Samples for InstanceState Change from NOT_ALIVE_NO_WRITERS to ALIVE

3 posts / 0 new
Last post
Offline
Last seen: 5 years 6 months ago
Joined: 10/29/2015
Posts: 12
Samples for InstanceState Change from NOT_ALIVE_NO_WRITERS to ALIVE

Hi everyone,

I'm currently experimenting with the following situation:

  • keyed topic, Reliable, TransientLocal
  • Keep All History on DataWriter side, Keep Last 2 on DataReader side
  • A single DataWriter on one host, a single DataReader on another
  • I always take() all samples from the DataReader

I go through the following steps:

  • Start reader program, writer is running on other host
  • I receive a number of samples for different instances from the writer
  • I then pull my network cable
  • After the default liveliness timeout, I receive a single invalid sample for each instance indicating the new InstanceState not_alive_no_writers (as expected)
  • I then plug the cable back in
  • Almost immediately I see the liveliness change for the DataReader in general
  • I do not receive any samples, valid or invalid, showing that the aforementioned instances have gone back to InstanceState alive
  • If I let the writer republish a sample for one of the instances, I see that the reader receives it (and then considers the sample to be alive again). It still does not receive any samples for the other instances, so I have to assume they are still not alive (even though they shoud be).
  • If I restart my reader program, it finds the writer as expected and gets all samples again.

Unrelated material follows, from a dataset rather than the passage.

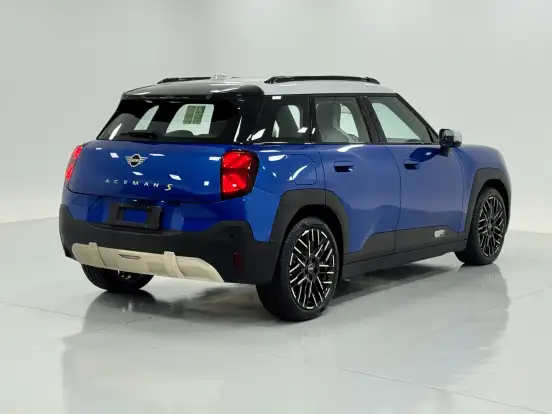 MINI-ACEMAN-2025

What is the reason I get an invalid sample when the instance goes from alive to not_alive_no_writers, but I do not get a sample when it goes back the other way? Is that a bug of some sort in RTI DDS v5.2.0, or am I misunderstanding something?

Note that I cannot use read() instead of take(). That means I apparently have no means of finding out whether my instances have come back alive. There doesn't seem to be any way to find out an instance's InstanceState from a DataReader when I have nothing but its InstanceHandle. Or is there?

Thanks and best regards,

Jan

Offline
Last seen: 3 months 6 days ago
Joined: 02/11/2016
Posts: 144

Hello,

This is the intentional behavior, although it repeatedly has customers surprised.

When the writer updates an instance it actually sends a sample belonging to that instance, with each sample having a unique sequence number (allowing rti to maintain order of delivery and detect gaps).

Each sample is received by the data reader and then passed to the application (this happens once, regardless of [possible] duplicates of a specific sample being received).

When the network cable is pulled out, the reader detects this and since the instances are only held by the writer that went "missing" they are moved to the not alive no readers state.

 

When the network cable is plugged back we have to appreciate the fact that all of the samples of that writer were already sent by the writer, received by the reader, and passed on to the application.

Since we don't want the same sample being sent to the application twice, it's not.

 

One way to reduce the likelihood of this scenario is to use persistence service (or a similar solution) to maintain the liveliness of the instances even when their original writer is some how "disconnected" temporarily from the network.

Of course this does not solve the issue of a reader losing network connectivity.

 

RTI has mentioned in the past that they are working on a solution that will allow customers to change this specific behavior but I believe it has been a long time since this was mentioned and I haven't seen any announcements about this ability being introduced anytime soon.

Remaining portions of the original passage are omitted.